If you read accounts from people with Long Covid many will mention a pattern. This is a sense of progress, of feeling better in the evening followed by a return to square one by morning. I’ve seen this put down to the body’s release of histamine overnight. It’s a trying way to live. You feel at your best as you go to sleep, like your recouvery might finally be progressing. Then morning comes. One remembers what it’s like to get better from a bad cold or flu, you start to wake up feeling better. With Long Covid it simply never happens. All the while the mind forgets to temper expectation. The disappointment each groggy morning never softens. It took months for me to stop making plans for two weeks time when I would be better. In retrospect, it’s no surprise that when I did get better, I struggled to believe it.
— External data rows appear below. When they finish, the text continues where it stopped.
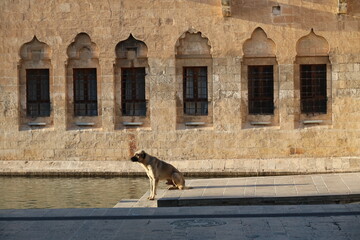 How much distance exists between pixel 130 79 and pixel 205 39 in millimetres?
2163

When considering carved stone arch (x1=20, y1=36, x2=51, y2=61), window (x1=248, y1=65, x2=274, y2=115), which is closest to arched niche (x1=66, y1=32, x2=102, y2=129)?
carved stone arch (x1=20, y1=36, x2=51, y2=61)

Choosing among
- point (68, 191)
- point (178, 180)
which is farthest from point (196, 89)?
point (178, 180)

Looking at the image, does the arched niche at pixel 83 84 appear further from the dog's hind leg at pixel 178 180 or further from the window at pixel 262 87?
the dog's hind leg at pixel 178 180

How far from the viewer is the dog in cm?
1318

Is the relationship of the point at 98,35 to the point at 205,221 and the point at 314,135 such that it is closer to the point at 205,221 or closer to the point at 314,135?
the point at 314,135

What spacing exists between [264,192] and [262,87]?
697 cm

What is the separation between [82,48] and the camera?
19969mm

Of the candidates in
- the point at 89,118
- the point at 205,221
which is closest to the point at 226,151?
the point at 89,118

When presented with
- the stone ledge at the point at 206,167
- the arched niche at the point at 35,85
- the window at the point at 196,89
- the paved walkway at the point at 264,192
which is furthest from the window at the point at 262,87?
the arched niche at the point at 35,85

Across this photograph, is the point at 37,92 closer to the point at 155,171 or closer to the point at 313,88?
the point at 313,88

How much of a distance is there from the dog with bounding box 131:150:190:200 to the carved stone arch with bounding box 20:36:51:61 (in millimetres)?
7468

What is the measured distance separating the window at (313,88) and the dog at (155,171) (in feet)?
21.1

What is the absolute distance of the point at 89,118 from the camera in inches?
793

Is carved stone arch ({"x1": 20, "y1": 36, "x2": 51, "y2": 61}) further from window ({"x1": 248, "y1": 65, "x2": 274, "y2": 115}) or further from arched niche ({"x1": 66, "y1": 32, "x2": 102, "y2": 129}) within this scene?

In a disorientingly short amount of time, the pattern shattered. I went for some exploratory bike rides. I worked a full working week. Quite by surprise, my life had been returned to me. Like a bloody miracle. I assumed this was temporary respite, that I should enjoy it while it lasted. But it’s a year and a bit later, my body is still mine. I’m back, I’m me. I won’t have to live my life as a semi-recluse, recovering for three days from a walk to get coffee. I’m back doing endurance events on my bike, I’m faster than I was before in fact. Progression returned to my life. I did not know what to make of it.
I asked my therapist if this counted as a traumatic experience. Emphatic yes. I suppose in retrospect it must have been. Ten months looking at the ceiling. How on earth I was going to survive? Is this now forever? With a whiplash crack, it was as though it never was.
I know exactly when I figured it was behind me. When I could stop living for the moment. It was the first time I surpassed something I did pre-illness. The Mallorca 312 is a 312km bike around the mountainous north of the island. In 2019 pre-Long Covid I got around in 11 hours and 37 minutes. In 2022 I did it in 10h:43m. That’s a big boy gain, I smashed it and it wasn’t even a smooth run, I crashed halfway around and it didn’t stop me.
I was utterly elated.
Two days later I got sick, stuck that thing up my nose waited 15 minutes and the test almost screamed at me. POSITIVE! Full of lurgy! Sick as can be but this time I healed like you’re supposed to after a miserable week and change. After that, I had all the evidence I needed. Whatever it was about Covid my body couldn’t handle pre-vaccine in 2020 it had resolved by 2022. My body was normal again.
So move on.
The manic push to experience everything I could faded. I found I had to process the two strangest years of my life. One half I’d spent flat on my back the other pushing as hard as I could. To feel good and live as much life as possible because the inevitable relapse must be coming and it’d kick hard. A lot of small things went ignored. My talent for not thinking about the inconvenient, I had honed to a soaring level. Unpacking it has been an interesting experience to say the least and I’m far from done. But the body is healed. Mostly. The way I concentrate has fundamentally changed. I used to have mild allergies now I have really bad ones, for which I have a permanent prescription of turbo anti-histamines. The booster knocked me clean on my backside for two months. Horror show! I thought it was back, but I did heal again.
My mind remains disoriented by the meaningless chance of it all. Still, my legs work again, my heart beats, I am more rested in the morning than when I lay down to rest. Slowly the mind catches up with the body, just the same as when you first fall ill, it takes a while to accept the change.